Brunswick County Tackles Water Plant Maintenance as Population Surges
One of North Carolina's fastest-growing coastal counties is hiring a contractor to remove sludge from a drinking water treatment plant that serves tens of thousands of residents.
Keeping tap water safe in a county that has doubled in population over two decades requires more than just building new pipes. It also means scraping out the muck that accumulates inside the plants that treat the water in the first place.
Brunswick County, North Carolina, is seeking a private contractor to remove sludge from its 211 Water Treatment Plant, a key facility in the coastal county's drinking water system. The buildup is a normal byproduct of water treatment, where chemicals cause impurities to clump together and settle into basins. But if that residue isn't cleared regularly, it can reduce a plant's capacity and degrade the quality of finished water flowing to homes and businesses.
The work may sound unglamorous, but for a county stretched thin by growth, it matters. Brunswick County, situated between Wilmington and Myrtle Beach along North Carolina's southeastern coast, has ballooned from roughly 73,000 residents in 2000 to more than 150,000 today. Communities like Leland, Ocean Isle Beach, Sunset Beach, and Calabash have drawn waves of retirees and new families, and every new household puts additional demand on treatment infrastructure. Higher water demand means sludge accumulates faster and needs to be removed more frequently.
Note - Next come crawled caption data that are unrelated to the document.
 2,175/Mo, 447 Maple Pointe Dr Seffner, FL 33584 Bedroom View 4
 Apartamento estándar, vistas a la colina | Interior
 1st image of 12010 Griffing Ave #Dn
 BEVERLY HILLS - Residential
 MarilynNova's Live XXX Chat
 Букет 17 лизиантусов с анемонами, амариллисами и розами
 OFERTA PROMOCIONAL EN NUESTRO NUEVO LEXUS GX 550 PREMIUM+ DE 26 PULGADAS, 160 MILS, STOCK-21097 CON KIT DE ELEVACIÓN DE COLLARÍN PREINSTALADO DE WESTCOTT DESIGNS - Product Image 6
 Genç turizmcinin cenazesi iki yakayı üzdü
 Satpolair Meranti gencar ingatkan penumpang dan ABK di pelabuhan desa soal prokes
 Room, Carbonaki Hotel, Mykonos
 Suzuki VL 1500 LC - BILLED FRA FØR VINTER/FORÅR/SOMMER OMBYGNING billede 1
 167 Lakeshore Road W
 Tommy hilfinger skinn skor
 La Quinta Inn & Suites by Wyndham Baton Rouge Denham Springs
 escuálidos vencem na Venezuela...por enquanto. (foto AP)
The county is turning to the private market because sludge removal typically requires specialized vacuum trucks, dewatering equipment, and disposal logistics that many mid-sized utilities don't maintain in-house. At least one addendum has already been issued to the solicitation, suggesting the county received questions from potential vendors about the scope of work.
The maintenance comes against a backdrop of heightened water quality awareness across southeastern North Carolina. The GenX contamination crisis that emerged in 2017, when PFAS compounds from a Chemours facility were found in the Cape Fear River, put water treatment operations regionwide under a microscope. Brunswick County draws from different source waters, but the episode left residents across the area more attuned to how their drinking water is handled.
Nationally, the challenge is widespread. The American Society of Civil Engineers has given U.S. drinking water infrastructure grades hovering around C- and D, and the EPA estimates more than $625 billion in investment is needed over the next 20 years. The 2021 Bipartisan Infrastructure Law directed $55 billion toward water and wastewater systems, and North Carolina has received a share through State Revolving Fund dollars, but the gap between funding and need remains significant, especially for fast-growing counties juggling expansion and upkeep simultaneously.
Brunswick County has not disclosed the contract's dollar value in the public posting. Interested contractors can access the full solicitation through the county's procurement portal, and the timeline for selecting a vendor has not been made public.